Identifying and Defining Study Variables
Variables denote research entities that are subject to change. In the proposed research study, the primary research variables will include perceptions, diagnosis with diabetes mellitus as well as the age of participants. In the study, perceptions will be the dependent variables while age and diagnosis with diabetes mellitus will be the independent variables.
Operationalization of Variables
The dependent variable, perceptions will be operationalized to indicate a change in perceptions or a retention of existing perceptions. Meanwhile, the operationalization of age will entail placing the age of participants into age groups 18 to 20 years, 20 to 22 years, as well as 23 to 25 years. The independent variable, diagnosis with diabetes mellitus, will be operationalized to indicate either a presence or an absence of diabetes mellitus in participants.

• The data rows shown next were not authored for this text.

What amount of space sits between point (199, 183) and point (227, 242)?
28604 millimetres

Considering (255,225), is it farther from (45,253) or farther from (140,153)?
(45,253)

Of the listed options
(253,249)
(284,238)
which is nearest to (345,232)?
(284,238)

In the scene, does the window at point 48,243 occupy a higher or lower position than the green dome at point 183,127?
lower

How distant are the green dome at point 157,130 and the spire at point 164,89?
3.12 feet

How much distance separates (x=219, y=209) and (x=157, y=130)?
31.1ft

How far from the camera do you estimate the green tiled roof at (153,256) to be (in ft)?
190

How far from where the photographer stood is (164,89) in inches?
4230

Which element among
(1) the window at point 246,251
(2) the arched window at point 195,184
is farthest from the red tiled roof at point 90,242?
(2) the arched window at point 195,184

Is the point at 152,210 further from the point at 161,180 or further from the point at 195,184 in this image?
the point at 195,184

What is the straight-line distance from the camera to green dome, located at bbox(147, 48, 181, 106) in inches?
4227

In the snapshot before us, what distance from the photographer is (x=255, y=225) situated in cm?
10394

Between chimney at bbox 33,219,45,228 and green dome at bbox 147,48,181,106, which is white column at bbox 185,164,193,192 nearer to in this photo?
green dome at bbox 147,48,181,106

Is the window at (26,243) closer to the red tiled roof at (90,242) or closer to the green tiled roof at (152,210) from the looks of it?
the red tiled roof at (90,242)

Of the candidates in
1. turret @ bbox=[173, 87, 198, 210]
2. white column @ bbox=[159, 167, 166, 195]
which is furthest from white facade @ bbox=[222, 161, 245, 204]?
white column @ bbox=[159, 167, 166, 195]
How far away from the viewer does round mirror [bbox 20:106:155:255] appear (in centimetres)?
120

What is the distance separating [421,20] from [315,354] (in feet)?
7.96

Overview and Guiding Propositions
A solid theoretical framework backs the changes in perception observable when young adults are diagnosed with diabetes mellitus. Vorderstrasse, Shaw, Blascovich & Johnson (2014), posit that social cognitive theory (SCT) is one key theory that helps explain changes in perception and/or behavior. SCT postulates that individuals acquire novel behaviors, knowledge and skills by doing and observing other people in the milieu of their experiences, environment and social interactions (Wan, Rav-Marathe & Marathe, 2016). Behavior, the environment and personal factors constitute key reciprocal, as well as primary components associated with SCT (Vorderstrasse et al., 2014). As such, this theory forms the key basis for numerous successful diabetes mellitus self-management interventions (Vorderstrasse et al., 2014). The differential emotions, emotional intensity and self-regulation theories make a crucial theoretical framework that is pivotal to understanding changes in perception and behavior (Chew, Shariff-Ghazali, & Fernandez, 2014).

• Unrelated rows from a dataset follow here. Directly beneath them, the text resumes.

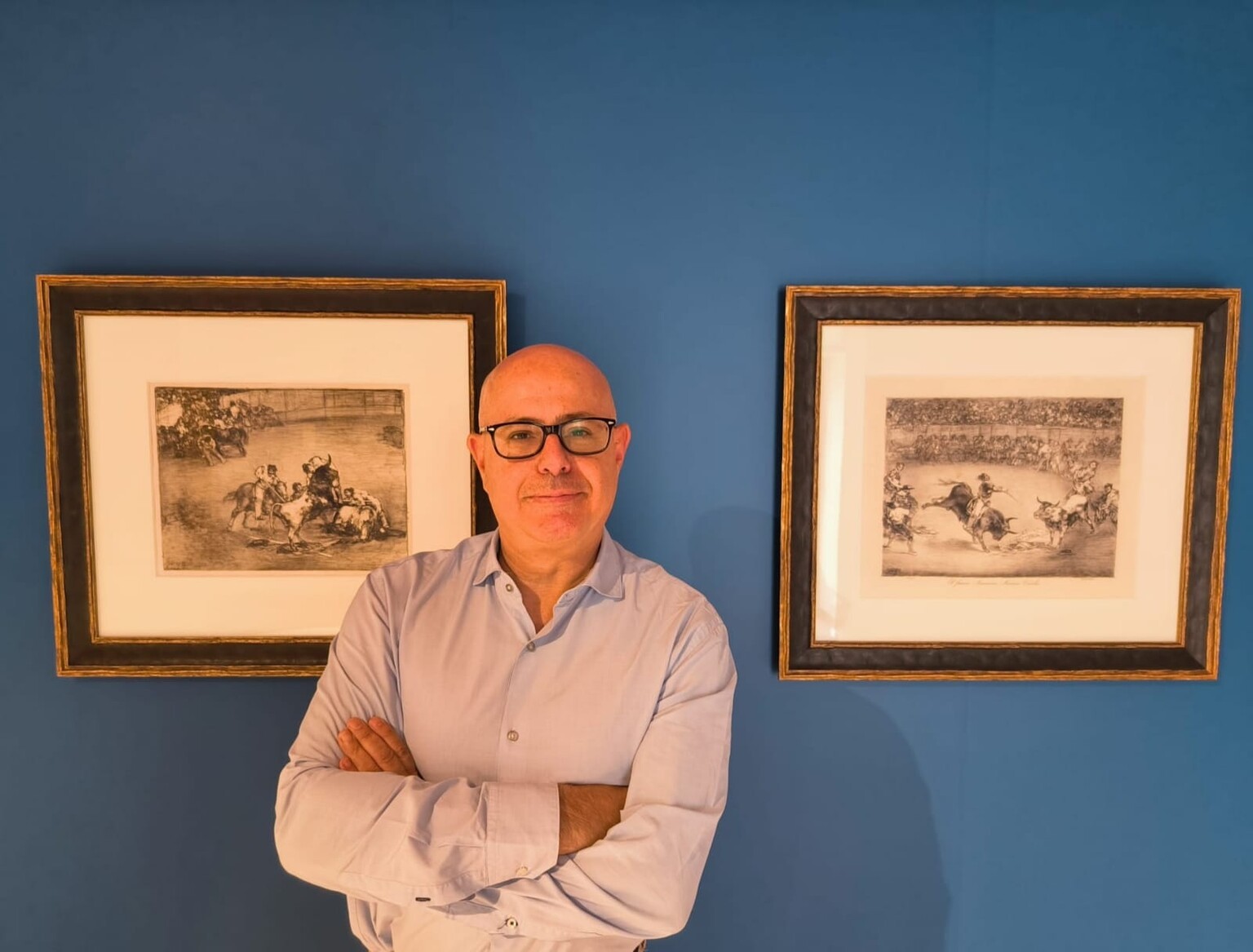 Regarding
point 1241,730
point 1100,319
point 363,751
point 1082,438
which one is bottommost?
point 1241,730

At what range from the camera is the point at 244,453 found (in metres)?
1.64

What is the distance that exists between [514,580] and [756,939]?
1197mm

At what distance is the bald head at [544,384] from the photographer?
128 centimetres

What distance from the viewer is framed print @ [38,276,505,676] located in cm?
159

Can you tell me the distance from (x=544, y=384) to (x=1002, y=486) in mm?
1179

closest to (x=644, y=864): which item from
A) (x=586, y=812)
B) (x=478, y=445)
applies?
(x=586, y=812)

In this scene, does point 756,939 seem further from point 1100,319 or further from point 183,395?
point 183,395

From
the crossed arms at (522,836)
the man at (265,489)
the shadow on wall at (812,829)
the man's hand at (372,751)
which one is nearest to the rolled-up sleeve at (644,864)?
the crossed arms at (522,836)

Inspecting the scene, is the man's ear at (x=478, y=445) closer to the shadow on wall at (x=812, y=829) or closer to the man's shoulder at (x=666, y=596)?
the man's shoulder at (x=666, y=596)

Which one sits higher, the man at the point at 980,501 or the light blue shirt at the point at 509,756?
the man at the point at 980,501

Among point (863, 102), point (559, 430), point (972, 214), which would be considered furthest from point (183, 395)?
point (972, 214)

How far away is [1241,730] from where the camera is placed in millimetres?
1758

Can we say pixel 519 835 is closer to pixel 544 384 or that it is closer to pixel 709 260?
pixel 544 384

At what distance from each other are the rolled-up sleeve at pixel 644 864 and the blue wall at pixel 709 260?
0.53 metres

Application of Theory to Study Focus
The social cognitive, differential emotions, emotional intensity and self-regulation theories constitute a solid theoretical framework that helps explain the changes in perception observable in young adults diagnosed with diabetes mellitus. The emotional intensity concept posits that emotions possess motivational properties since they furnish direction, as well as energy for the implementation of suitable instrumental behaviors (Chew et al., 2014). Chew et al. (2014), assert that the emotions influence concept dictates that an individual’s awareness, as well as consciousness, having dynamic neuropsychological activities result in consistent emotions-cognition interactions in impacting adaptive thoughts, as demonstrated in an individual’s behavior. The self-regulation theory postulates that the life of individuals who possess higher self-efficacy keep improving primarily due to positive self-feedback (Chew et al., 2014).